Angela Ting, PhD

Lerner Research Institute


The Gross Family VeloSano Pilot Award in memory of Morton J. Gross

Epigenetic Dysregulation of DNAJB6 Isoform Expression Contributes to Breast Cancer Invasion and Metastasis

NA methylation is a chemical modification on our DNA that defines healthy, normal expression of the genetic material, but in cancers, the distribution of this modification is drastically altered, in both quantity and location. While some such cancer-associated methylation changes can directly promote cancer formation and progression by turning on/off caretaker genes that normally prevent uncontrolled cell growth, our lab has discovered that other changes can impact which version of a caretaker gene is expressed in cancer. In particular, a gene named DnaJ heat shock protein family (Hsp40) member B6 (DNAJB6) has two versions whose expression levels can be dictated by DNA methylation. Previously, other scientists have shown that the longer version of DNAJB6 is often lost in aggressive breast cancer cells compared with benign cells or early stage cancer cells, without defining how such shift in expression might be achieved by the malignant cells. Although these prior reports suggest a cancer-suppressing role for the long version in breast cancer development, we are limited in what we can do with such information without knowing how the loss came about. Therefore, we propose to investigate if DNA methylation changes in aggressive breast cancer cells are directly responsible for the loss of DNAJB6 long version and to evaluate if targeting such abnormal DNA methylation can reverse the loss and in turn, inhibit aggressive cancer behaviors. We anticipate our studies to produce fundamental insights into the regulation of DNAJB6 in breast cancer and enable us to leverage this phenomenon for cancer intervention.

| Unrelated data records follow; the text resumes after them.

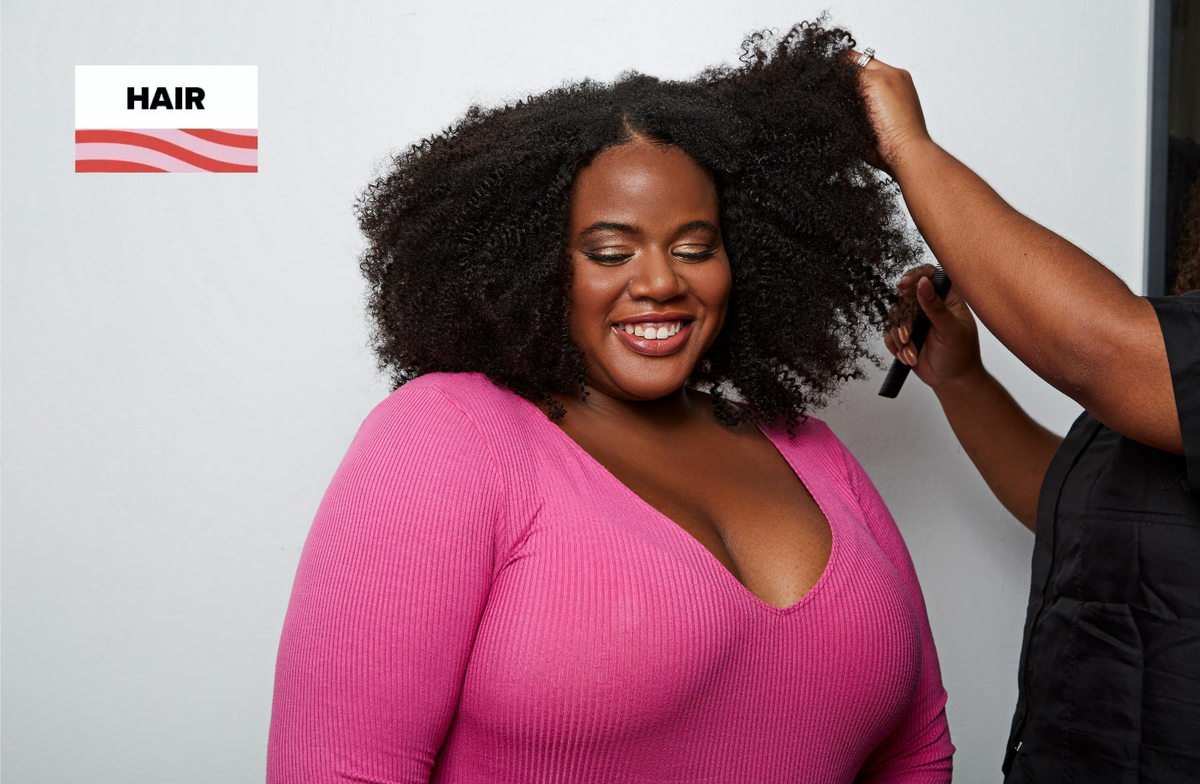 Stylist braiding down hair before reinstalling existing bundles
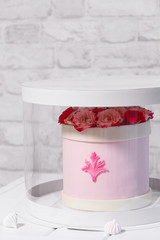 Wedding Flower  Box Cake, covered with light pink fondant and decorated with pink roses, on a light...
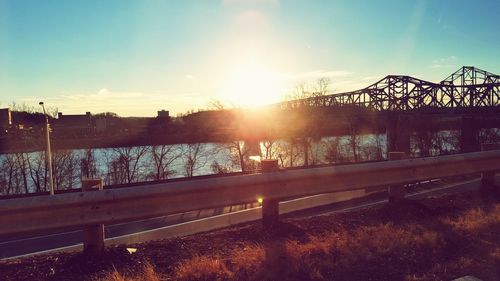 Bridge over river against sky during sunset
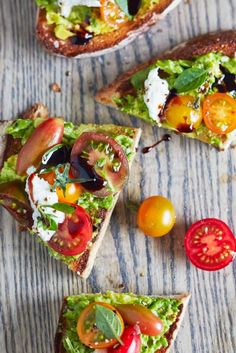 several slices of bread with tomatoes, lettuce and other toppings on them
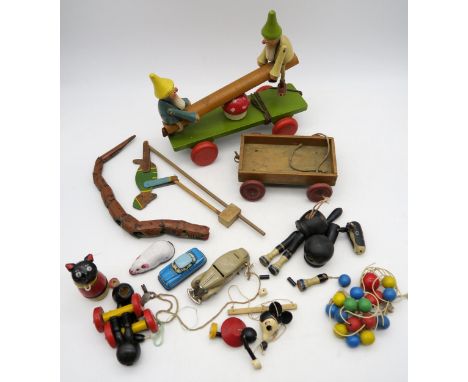 A collection of vintage toys, including an incomplete Pelham Minnie Mouse puppet, a Shuco clockwork car, other unmarked clock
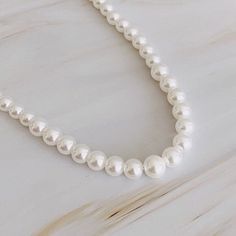 This Pearl Necklace exudes sophistication with a classic design. The pearls are gracefully graduated from small to large to the center, sizes from 4mm to 7mm. Perfect for a timeless staple or to create unique Embellish your neckline with this gorgeous cream-toned pearl necklace! Perfect for daring layering or as a stand-alone statement. Lead and Nickel free Material Composition: Glass pearls, 18k gold-plated brass closure Imported Pearl Necklace Classic, Graduated Pearl Necklace, Queen Liz, Cream Tones, Everyday Dresses, Jewelry Bags, Tops For Leggings, Set Dress, Customized Gifts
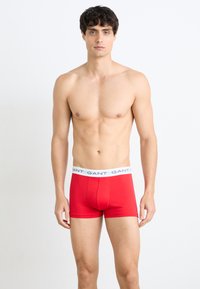 Rote Baumwoll-Boxershorts mit einem weißen elastischen Bund, der das "GANT"-Logo trägt. Glatte Textur, figurbetontes Design und Oberschenkel-lange.
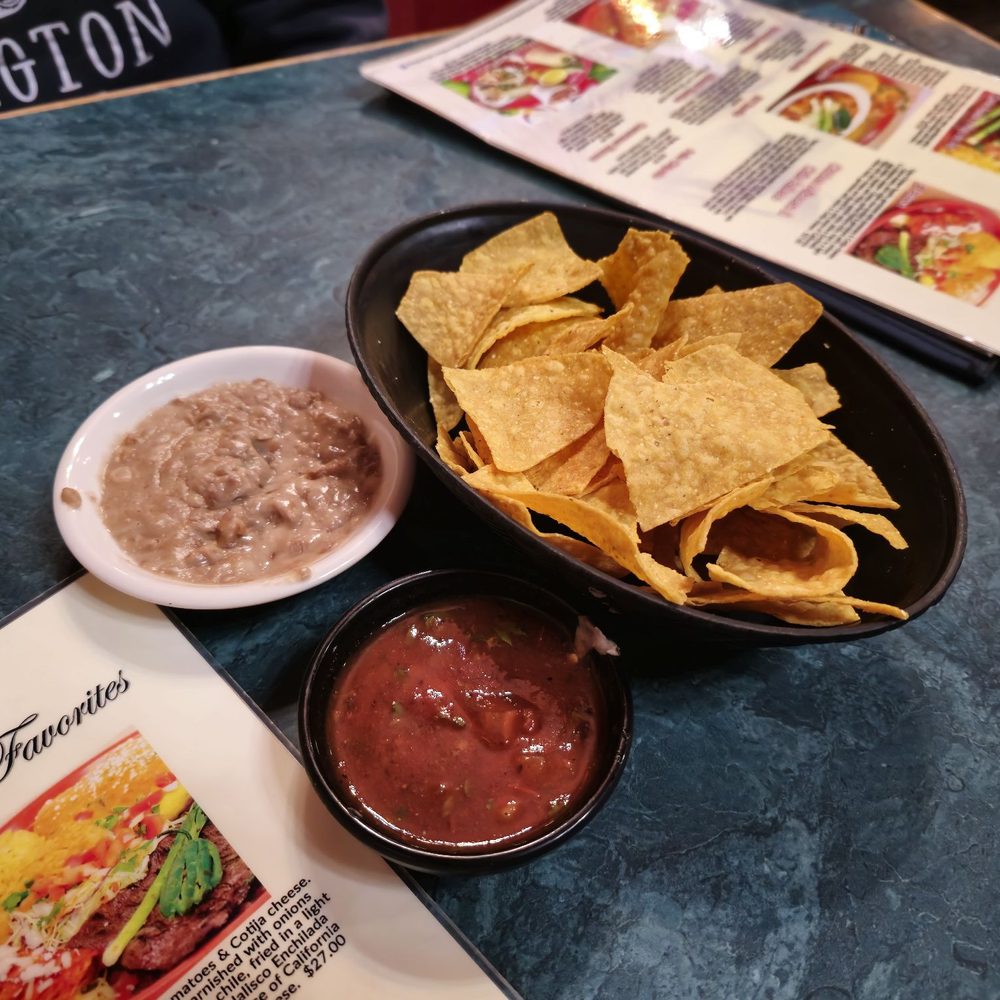 La Costa Restaurant - As soon as you take a seat, salsa and baked beans are served on warm Totia chips. - Mexican Near Me - Burien, Washington La Costa Restaurant - As soon as you take a seat, salsa and baked beans are served on warm Totia chips. - Mexican Near Me - Burien, Washington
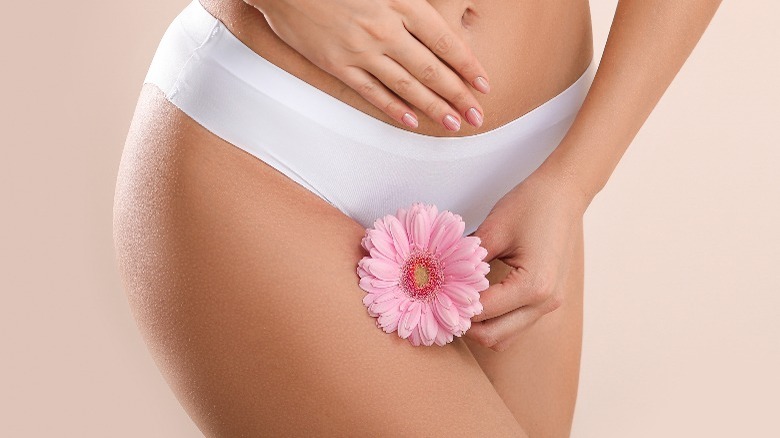 Woman holding flower near underwear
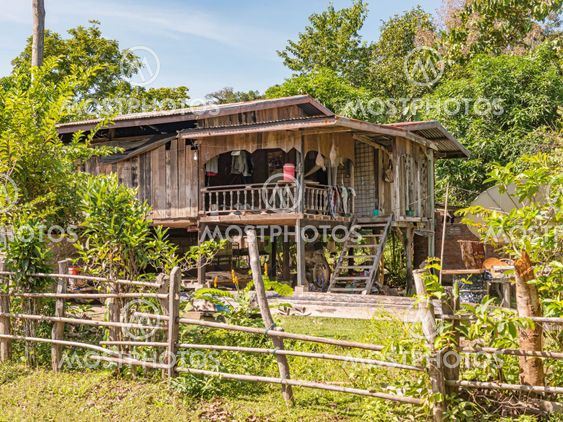 Typical house in the rural Laos at the bank of Mekong...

We are focusing on a gene that in the context of breast cancer, can change forms depending on the stage of the cancer. We believe that a chemical modification in our DNA, NA methylation, plays a role in switching the breast cancer form to an advantageous state. We are trying to study this phenomenon in the context of breast cancer to try and understand how changes in this modification can impact cancer.